Вот почему, словно боясь обжечься, — а вдруг Черных предложит мне совсем не то, что волнует меня, — я осторожно спросил:
— Идея про что?
— Это долгий рассказ… Поговорим как-нибудь не походя…
— Ну хоть скажи, для кого эта идея?..
Спасибо ему: он знал, что в такой ситуации тянуть с ответом — все равно что стрелять в упор.
— Для вас, Евгений Семенович, — коротко и глядя прямо в глаза ответил Черных.
Я тогда еще не знал, что он думал о том же, что мучило и меня; что ему хотелось, чтобы задуманное им воплотил именно я…
Позвали на посадку в самолет…
Жизнь на «Мосфильме» стремительно менялась. Творческий объединения со своими дирекциями, художественными руководителями, партбюро, профбюро, художественными советами, редактурой враз превратились в самостоятельные студии. «Жанр» возглавил Владимир Меньшов, «Союз» — Владимир Наумов, «Время»— Сергей Бондарчук, «Ритм»— Георгий Данелия, «Слово» — Валентин Черных…
Одним словом, суверенитета каждая студия получила столько, сколько могла проглотить. Свобода творчества, формирование репертуара, организация производства — все в одних руках, худрука. Тысячи работавших мосфильмовцев вскоре узнали, что они вне штата, то есть за стенами студии, что их будут приглашать по мере надобности (или не приглашать совсем) на договор… Собрания, заседания, митинги… Возмущение, ор, истерики…
А я думал об одном — что же этакое вынашивает для меня Черных, если только это была не злая шутка? На всякий случай, чтобы не довести себя до инфаркта, давил свою фантазию, гасил в себе все, что уже рвалось на экран…
Рыночная экономика кинула режиссеров в погоню за сценариями для «смотрибельных» картин. С горечью отмечал — пошли косяком фильмы-развлекаловки. Их создателей заботили не проблемы, которые свалились на народ, не глубина человеческих характеров, не национальный, не нравственный дух произведения, а только сюжет, густо замешенный на откровенной «чернухе», а часто и на «порнухе». И так уж им, угодникам, хотелось, чтобы там, на Западе, их заметили: мол, и мы умеем, мол, и мы по-американски… Словно и не было у нас своего великого кинематографа…

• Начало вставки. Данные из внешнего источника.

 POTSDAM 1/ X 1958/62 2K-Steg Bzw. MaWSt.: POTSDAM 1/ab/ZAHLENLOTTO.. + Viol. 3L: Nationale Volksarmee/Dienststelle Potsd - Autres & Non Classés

Вынужденный среди этого разгула «свободы» замолчать, не желая идти на поводу так называемого рынка, я снова вернулся к жизни после разговора с Валентином Черных. Я был заинтригован — у него, оказывается, есть не просто идея, а идея для меня! Я сгорал от нетерпения узнать, о чем же он пишет. Ночами не спал, ворочался, ждал звонка от Валентина. Даже ночного. Такое ведь в нашей жизни бывает. Например, Евгений Птичкин не раз звонил мне ночью, бывало и в четыре часа, чтобы сообщить о том, что он написал для нашего оче-редкого фильма: «Старик, послушай! Я сейчас тебе сыграю… Ну, как тебе?!»